Special Candies can be classified as offensive items, compare them to a sword which allows you to do more damage with a single blow.

Defensive Items:

In Candy Crush, the candies can be encased in ‘jelly’, which acts as a shield that must be overcome. In Skyrim, you have various types of armour which you and your adversaries can wear. (Sometimes, only they can wear it.) There are also magical defenses.

Miscellaneous Items and Magic:

In Candy Crush, you can obtain a ‘Lollipop Hammer‘, which helps you by removing or triggering single candies.

In Skyrim, there is a wide variety of special purpose items and magic. The line between these is often blurry.

AI Adversaries:

I don’t think there are many AI adversaries in Candy Crush, unless they decide to tinker with the random candy generation algorithm, or if you count level design.

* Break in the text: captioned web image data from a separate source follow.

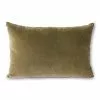HKliving Velvet Kussen - Army 40x60cm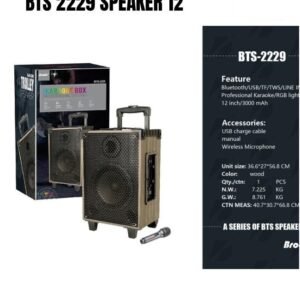 BTS-2229 12 Inch Portable Trolley Speaker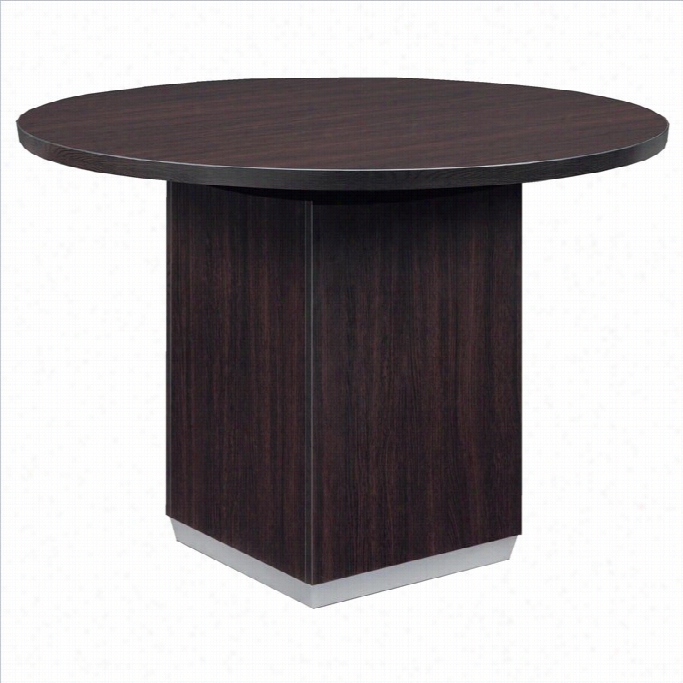 Dmi Furnniture Pimlico Laminate 3.5' Round Conference Tavle-mocha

Skyrim is populated with hundreds, if not thousands of NPCs who will interact with you in various ways.


An uninteresting way to make a game more challenging is to make it more repetitive[2.5]. You could make your player battle the same enemy 35 times, or solve minor variations on the same puzzle 50 times, or make them walk through an endless samey forest.

Ideally, you want to give a feeling of exploration and small but noticeable differences along the way.

Next time, we’ll compare two more games which are even more distinct. Suggestions in the comments below!

[1]I say almost, even though I can’t think of any games which don’t have a goal, and/or can’t have one created by the player. Inventing one sounds like a fun challenge. I don’t mean a game with an impossible challenge which always seems almost possible, I’m talking about a game which aggressively has no goal, and cannot, to the greatest extent possible.

[2]Or goals plural. Multiple interlocking[3] or interrelated goals are out of scope.

[2.5]Than usual…Most of these games are quite repetitive.

[3]Sometimes I think I write just because I enjoy using words such as ‘interlocking[4]’.

[4]Not to be confused with Interlochen[5].

[5]S: “Or Interleukins.”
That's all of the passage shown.